Opinion
April 10, 1978
Appeal by defendant from a judgment of the Supreme Court, Kings County, rendered January 6, 1977, convicting him of criminal sale of a controlled substance in the first degree and criminal possession of a controlled substance in the first and third degrees, upon a jury verdict, and imposing sentence. Judgment reversed, on the law and as a matter of discretion in the interests of justice, and new trial ordered. The trial court properly denied defendant's motion to dismiss the indictment because of the 18-month delay between the alleged drug sale and the arrest. However, other errors require a reversal and a new trial. Defense counsel, in a demand for a bill of particulars, requested the prosecution to inform him of any statements that might have been made by the defendant and whether any tape recording of the alleged sale of cocaine had been made. The prosecutor denied the existence of either of such items.
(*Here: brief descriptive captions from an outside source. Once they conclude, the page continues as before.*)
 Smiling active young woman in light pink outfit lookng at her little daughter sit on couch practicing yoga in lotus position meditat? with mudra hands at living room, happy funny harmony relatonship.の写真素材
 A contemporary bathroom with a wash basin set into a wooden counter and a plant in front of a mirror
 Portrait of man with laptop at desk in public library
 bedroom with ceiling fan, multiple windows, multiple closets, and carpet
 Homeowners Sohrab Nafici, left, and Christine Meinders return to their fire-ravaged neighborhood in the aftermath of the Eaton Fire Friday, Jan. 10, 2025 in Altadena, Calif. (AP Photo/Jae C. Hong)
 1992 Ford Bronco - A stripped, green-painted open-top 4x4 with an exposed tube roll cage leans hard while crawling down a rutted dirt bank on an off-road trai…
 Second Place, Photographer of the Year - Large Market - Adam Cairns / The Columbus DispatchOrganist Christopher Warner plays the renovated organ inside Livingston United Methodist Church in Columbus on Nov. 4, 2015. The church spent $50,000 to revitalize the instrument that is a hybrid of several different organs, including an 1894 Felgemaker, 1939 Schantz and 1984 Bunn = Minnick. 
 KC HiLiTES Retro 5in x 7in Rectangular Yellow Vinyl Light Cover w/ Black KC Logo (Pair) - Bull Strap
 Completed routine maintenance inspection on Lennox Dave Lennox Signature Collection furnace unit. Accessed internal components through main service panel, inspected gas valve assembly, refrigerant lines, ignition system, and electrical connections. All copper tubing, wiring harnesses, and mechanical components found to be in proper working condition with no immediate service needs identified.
It was only during the hearing held on the defendant's Townsend motion (see People v Townsend, 38 A.D.2d 569) that defense counsel learned of the existence of a tape recording of conversations between the undercover officer and the codefendant prior to the sale, and of statements allegedly made by defendant during the drug transaction. The denial of the existence of such information, which was known to the prosecutor is improper (see People v Testa, 48 A.D.2d 691, affd 40 N.Y.2d 1018). Furthermore, the conduct of counsel for both sides is not to be commended. Counsel often made improper, irrelevant and inflammatory remarks. Moreover, the trial court should have granted defendant's request for a Wade hearing with respect to his identification by the undercover officer. Although there appears to be evidence suggesting that the officer had a sufficient independent basis to support his identification of defendant, identification was a crucial issue with regard to the alibi defense and the circumstances revealed in this record indicate that a hearing should have been held. In view of the fact that the evidence of guilt presented was not overwhelming, we cannot say that the foregoing errors were harmless (cf. People v Crimmins, 36 N.Y.2d 230). Latham, J.P., Gulotta, Margett and Hawkins, JJ., concur.